The goal is to see if we can spot something specific in a video. This would be useful especially if you had hours of video you didn't have time to watch.

In our case, we'll try to spot bicycles in this video:

Our plan is:

- Download training images sorted into folders labeled "bike" and "nobike"
- Download a computer-vision model pre-trained on 1.2 million images
- Further train that model with our bike/nobike images
- Chop up our video into frames
- Use the model to detect bikes in frames

## Credits

This notebook is based on the early lessons in [Practical Deep Learning for Coders](https://course.fast.ai/), taught online by Jeremy Howard. I **highly** recommend this free online course. 

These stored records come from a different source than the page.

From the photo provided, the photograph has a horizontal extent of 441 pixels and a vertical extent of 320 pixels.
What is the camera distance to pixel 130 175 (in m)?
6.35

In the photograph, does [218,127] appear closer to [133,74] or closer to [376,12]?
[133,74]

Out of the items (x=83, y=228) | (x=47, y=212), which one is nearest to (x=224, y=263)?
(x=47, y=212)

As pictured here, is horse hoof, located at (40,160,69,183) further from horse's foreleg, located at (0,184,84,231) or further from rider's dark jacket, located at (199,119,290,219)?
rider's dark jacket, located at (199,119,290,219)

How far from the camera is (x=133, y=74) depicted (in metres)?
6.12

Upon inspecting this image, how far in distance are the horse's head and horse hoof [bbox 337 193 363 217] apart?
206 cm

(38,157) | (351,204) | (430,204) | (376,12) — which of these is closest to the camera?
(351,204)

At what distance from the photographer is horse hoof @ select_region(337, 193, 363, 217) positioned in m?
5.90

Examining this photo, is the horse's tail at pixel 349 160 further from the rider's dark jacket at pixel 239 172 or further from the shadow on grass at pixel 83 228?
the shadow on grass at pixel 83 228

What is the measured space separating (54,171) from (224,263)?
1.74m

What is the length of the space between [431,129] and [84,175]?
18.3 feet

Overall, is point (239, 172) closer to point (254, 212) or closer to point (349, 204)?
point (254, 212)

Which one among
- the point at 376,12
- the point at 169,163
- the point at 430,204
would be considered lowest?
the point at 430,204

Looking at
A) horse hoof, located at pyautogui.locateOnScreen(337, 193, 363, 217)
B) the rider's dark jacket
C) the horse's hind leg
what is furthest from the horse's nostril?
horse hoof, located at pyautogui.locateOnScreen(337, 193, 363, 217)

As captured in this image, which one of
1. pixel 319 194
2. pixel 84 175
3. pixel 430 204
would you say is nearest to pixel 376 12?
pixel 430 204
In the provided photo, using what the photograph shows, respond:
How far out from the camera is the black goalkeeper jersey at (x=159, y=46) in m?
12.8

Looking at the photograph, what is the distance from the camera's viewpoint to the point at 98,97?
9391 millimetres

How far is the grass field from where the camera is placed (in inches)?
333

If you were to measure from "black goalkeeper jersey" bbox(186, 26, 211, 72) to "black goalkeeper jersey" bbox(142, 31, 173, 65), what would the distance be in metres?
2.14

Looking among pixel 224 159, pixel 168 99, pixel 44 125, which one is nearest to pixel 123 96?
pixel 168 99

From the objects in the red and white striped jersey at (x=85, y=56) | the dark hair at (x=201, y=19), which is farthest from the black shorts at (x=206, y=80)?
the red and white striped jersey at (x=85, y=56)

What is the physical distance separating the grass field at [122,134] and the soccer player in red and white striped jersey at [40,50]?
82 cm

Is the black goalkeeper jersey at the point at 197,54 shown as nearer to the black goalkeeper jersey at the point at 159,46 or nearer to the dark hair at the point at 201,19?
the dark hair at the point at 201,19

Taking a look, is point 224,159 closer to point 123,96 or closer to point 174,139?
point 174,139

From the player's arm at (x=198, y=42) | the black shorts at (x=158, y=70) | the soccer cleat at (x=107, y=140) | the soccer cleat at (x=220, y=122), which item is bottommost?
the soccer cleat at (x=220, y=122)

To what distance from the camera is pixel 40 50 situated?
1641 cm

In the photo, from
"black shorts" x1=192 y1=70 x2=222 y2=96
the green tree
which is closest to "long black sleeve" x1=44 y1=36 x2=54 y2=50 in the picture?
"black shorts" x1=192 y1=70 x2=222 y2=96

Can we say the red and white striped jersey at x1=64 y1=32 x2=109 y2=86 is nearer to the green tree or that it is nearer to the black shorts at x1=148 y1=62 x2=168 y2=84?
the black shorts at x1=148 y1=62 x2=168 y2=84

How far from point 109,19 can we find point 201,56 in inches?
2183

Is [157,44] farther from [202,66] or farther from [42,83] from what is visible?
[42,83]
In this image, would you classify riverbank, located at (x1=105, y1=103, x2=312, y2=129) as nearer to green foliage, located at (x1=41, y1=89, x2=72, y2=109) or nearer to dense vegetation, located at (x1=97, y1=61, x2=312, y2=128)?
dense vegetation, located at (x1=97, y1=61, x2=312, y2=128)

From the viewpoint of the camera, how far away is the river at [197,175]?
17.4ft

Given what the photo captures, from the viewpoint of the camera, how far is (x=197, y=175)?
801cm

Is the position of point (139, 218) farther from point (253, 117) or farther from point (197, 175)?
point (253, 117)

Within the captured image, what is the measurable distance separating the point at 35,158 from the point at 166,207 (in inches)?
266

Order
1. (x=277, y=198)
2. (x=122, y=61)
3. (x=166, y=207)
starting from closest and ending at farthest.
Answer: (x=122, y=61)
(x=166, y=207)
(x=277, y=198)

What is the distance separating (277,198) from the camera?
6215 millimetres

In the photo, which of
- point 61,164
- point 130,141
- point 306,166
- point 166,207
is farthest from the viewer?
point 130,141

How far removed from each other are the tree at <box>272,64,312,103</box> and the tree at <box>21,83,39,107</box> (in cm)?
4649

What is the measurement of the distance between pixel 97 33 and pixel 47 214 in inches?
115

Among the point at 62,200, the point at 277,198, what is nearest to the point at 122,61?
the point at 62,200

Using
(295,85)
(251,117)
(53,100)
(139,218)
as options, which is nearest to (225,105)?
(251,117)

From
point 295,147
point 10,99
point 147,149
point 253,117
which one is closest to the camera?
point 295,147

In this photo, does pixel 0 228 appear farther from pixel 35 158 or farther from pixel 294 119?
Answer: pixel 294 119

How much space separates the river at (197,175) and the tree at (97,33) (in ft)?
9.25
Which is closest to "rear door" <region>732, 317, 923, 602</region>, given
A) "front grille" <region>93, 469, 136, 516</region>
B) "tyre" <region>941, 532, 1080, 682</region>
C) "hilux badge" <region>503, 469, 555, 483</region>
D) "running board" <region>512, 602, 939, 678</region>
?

-- John Keefe, [Quartz](https://qz.com), October 2019

## Setup

### For those using Google Colaboratory ...

Be aware that Google Colab instances are ephemeral -- they vanish *Poof* when you close them, or after a period of sitting idle (currently 90 minutes), or if you use one for more than 12 hours.

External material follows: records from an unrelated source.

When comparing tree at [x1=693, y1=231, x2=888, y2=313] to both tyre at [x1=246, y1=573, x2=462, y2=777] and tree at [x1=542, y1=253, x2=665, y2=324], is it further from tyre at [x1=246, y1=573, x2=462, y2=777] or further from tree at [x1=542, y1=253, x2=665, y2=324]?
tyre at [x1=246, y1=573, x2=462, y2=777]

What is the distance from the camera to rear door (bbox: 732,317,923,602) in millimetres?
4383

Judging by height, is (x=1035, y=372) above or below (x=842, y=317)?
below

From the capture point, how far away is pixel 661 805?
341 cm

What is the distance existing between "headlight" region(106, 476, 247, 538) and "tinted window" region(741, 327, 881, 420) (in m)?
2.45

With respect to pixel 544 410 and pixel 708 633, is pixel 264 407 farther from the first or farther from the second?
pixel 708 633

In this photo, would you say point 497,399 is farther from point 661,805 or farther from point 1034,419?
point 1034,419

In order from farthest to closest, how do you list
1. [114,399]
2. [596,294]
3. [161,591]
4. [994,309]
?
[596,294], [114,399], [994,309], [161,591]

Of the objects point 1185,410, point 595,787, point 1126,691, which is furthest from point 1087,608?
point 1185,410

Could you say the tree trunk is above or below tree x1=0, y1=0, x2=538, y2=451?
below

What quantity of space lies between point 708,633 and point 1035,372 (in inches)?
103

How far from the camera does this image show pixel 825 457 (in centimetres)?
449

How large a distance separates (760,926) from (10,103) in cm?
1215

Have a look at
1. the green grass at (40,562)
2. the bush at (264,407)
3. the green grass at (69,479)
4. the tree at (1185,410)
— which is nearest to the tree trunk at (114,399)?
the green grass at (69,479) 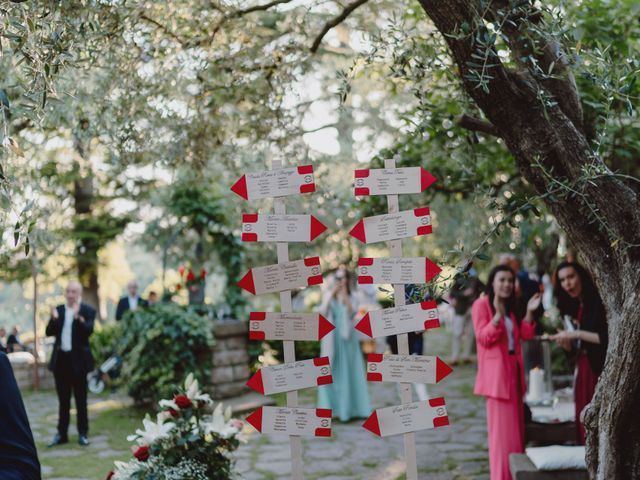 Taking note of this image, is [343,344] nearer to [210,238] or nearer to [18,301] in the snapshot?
[210,238]

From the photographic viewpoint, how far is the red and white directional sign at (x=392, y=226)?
418cm

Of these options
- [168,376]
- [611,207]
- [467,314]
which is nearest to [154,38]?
[611,207]

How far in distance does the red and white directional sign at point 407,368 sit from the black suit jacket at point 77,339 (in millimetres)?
5341

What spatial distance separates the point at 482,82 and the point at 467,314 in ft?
38.4

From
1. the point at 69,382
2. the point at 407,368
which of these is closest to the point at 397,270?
the point at 407,368

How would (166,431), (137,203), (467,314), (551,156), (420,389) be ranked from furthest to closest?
(137,203) < (467,314) < (420,389) < (166,431) < (551,156)

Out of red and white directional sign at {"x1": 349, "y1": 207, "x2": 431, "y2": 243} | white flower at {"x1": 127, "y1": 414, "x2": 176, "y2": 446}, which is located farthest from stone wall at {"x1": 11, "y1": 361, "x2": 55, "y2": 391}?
red and white directional sign at {"x1": 349, "y1": 207, "x2": 431, "y2": 243}

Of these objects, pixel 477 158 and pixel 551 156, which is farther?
pixel 477 158

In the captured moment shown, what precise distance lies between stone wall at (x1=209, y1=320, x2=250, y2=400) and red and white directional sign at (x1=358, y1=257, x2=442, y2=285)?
6532 millimetres

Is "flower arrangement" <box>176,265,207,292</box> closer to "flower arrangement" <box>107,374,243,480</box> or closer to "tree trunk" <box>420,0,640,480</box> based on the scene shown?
"flower arrangement" <box>107,374,243,480</box>

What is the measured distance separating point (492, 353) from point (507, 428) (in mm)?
610

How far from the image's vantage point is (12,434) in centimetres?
291

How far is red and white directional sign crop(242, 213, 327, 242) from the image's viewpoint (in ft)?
14.0

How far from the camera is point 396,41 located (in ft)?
16.2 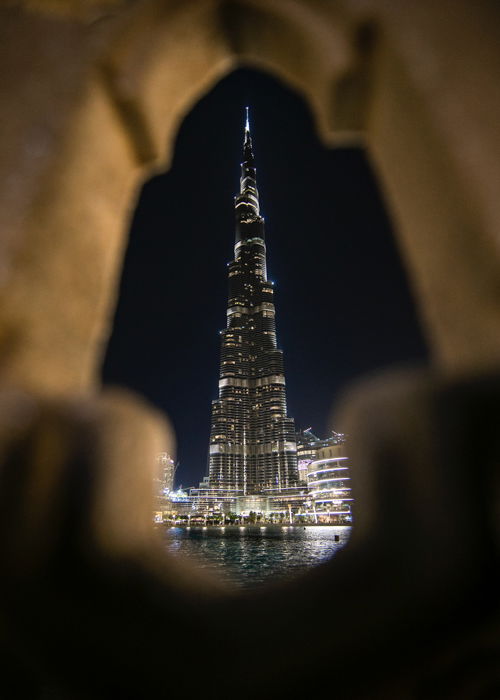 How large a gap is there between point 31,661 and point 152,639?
0.33m

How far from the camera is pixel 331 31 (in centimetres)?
166

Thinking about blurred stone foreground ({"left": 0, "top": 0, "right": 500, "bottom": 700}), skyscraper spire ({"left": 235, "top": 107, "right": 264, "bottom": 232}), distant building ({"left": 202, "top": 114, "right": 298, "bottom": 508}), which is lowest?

If you're using Google Colaboratory, be sure to set your runtime to "GPU" which speeds up your notebook for machine learning:

![change runtime](https://qz-aistudio-public.s3.amazonaws.com/workshops/notebook_images/change_runtime_2.jpg)
![pick gpu](https://qz-aistudio-public.s3.amazonaws.com/workshops/notebook_images/pick_gpu_2.jpg)

Then run this cell:

In [None]:
## ALL GOOGLE COLAB USERS RUN THIS CELL

## This runs a script that installs fast.ai
!curl -s https://projects.datanews.studio/fastai/colabV1 | bash

### For those _not_ using Google Colaboratory ...

This section is just for people who decide to use one of the notebooks on a system other than Google Colaboartory. 

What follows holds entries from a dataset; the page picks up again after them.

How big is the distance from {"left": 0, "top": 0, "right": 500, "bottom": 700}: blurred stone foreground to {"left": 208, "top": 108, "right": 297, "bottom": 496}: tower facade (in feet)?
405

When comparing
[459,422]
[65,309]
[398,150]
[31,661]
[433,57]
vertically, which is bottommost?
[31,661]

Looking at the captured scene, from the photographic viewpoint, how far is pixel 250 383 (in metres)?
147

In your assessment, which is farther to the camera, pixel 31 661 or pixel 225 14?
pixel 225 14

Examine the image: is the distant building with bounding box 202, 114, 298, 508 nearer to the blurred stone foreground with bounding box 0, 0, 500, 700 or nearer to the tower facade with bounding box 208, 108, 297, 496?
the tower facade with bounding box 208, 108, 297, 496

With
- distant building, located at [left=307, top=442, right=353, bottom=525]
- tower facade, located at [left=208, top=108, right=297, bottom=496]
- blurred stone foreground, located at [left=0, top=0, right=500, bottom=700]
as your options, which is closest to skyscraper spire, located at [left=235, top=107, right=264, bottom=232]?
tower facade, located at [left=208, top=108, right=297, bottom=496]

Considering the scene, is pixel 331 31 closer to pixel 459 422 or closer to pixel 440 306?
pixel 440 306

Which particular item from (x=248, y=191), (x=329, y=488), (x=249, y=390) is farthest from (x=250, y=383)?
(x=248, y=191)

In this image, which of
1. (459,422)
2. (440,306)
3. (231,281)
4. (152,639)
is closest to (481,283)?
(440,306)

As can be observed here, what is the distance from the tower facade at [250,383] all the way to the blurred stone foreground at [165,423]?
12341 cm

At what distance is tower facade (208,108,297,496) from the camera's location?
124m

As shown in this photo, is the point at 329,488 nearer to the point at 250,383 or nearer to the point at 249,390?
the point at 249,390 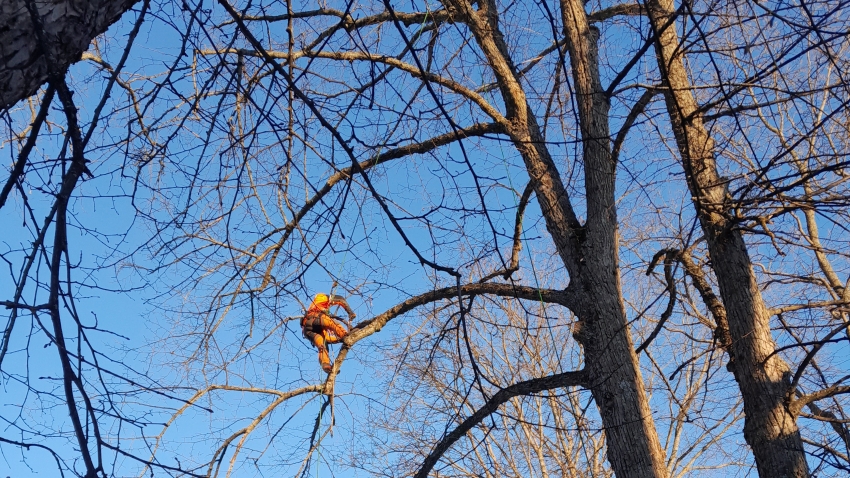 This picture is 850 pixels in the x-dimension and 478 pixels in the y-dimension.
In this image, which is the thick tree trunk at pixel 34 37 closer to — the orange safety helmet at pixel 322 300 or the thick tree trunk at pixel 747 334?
the orange safety helmet at pixel 322 300

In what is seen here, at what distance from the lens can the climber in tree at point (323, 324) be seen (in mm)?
3920

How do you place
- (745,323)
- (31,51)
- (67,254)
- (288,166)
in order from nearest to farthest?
(31,51) < (67,254) < (288,166) < (745,323)

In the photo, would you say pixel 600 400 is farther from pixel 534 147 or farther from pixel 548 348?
pixel 548 348

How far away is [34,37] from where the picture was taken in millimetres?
1934

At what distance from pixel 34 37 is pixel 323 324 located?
2596 mm

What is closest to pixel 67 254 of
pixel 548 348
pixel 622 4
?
pixel 622 4

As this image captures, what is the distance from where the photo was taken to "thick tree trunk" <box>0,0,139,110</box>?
74.3 inches

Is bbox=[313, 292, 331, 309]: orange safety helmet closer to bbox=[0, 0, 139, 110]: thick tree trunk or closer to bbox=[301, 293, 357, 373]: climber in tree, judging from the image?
bbox=[301, 293, 357, 373]: climber in tree

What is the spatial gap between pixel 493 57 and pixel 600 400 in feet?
8.41

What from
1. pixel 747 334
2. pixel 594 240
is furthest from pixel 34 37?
pixel 747 334

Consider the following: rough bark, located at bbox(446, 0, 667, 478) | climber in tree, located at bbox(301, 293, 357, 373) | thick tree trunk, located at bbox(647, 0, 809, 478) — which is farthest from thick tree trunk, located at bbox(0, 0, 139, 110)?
thick tree trunk, located at bbox(647, 0, 809, 478)

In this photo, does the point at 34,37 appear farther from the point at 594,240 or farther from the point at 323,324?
the point at 594,240

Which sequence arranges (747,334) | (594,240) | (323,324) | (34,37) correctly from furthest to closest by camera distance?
(594,240) → (747,334) → (323,324) → (34,37)

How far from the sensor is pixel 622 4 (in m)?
6.25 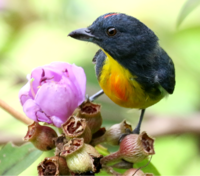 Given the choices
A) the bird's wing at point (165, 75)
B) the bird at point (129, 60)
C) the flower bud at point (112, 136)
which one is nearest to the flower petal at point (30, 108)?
the flower bud at point (112, 136)

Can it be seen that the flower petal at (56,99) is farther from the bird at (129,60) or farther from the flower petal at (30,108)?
the bird at (129,60)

Those people should run the cell below.

In [None]:
## NON-COLABORATORY USERS SHOULD RUN THIS CELL
%reload_ext autoreload
%autoreload 2
%matplotlib inline
!sudo apt --yes install ffmpeg

### Everybody do this ...

Everyone needs to run the next cell, which initializes the Python libraries we'll use in this notebook.

In [None]:
## AND *EVERYBODY* SHOULD RUN THIS CELL
import glob
import warnings
warnings.filterwarnings('ignore')
from fastai.vision import *
from fastai.metrics import error_rate
from IPython.display import Image as Show
import fastai
print(f'fastai: {fastai.__version__}')
print(f'cuda: {torch.cuda.is_available()}')

## The Data

We'll be analyzing a video later, so that's in our data download.

Also in the download are two folders:

- "nobike" has 55 images that don't contain bikes
- "bike" has another 55 images with bikes

_Note that this is an incredibly small data set to work from! Just 110 images total._

Let's get the video and the "bike" and "nobike" images, which are in the folders `bike` and `nobike` respectively.

In [None]:
!wget -N https://qz-aistudio-public.s3.amazonaws.com/workshops/bikes_data.zip --quiet
!unzip -q bikes_data.zip
print('Done!')

Now you have a subdirectory called `bikes_data` which contains two folders (`bike` and `nobike`) and the movie.

In [None]:
%ls bikes_data

In [None]:
%ls bikes_data/images

In [None]:
%ls bikes_data/images/bike

Let's take a looks at one ...

In [None]:
Show(filename='bikes_data/images/bike/IMG_1494.JPG', width=640)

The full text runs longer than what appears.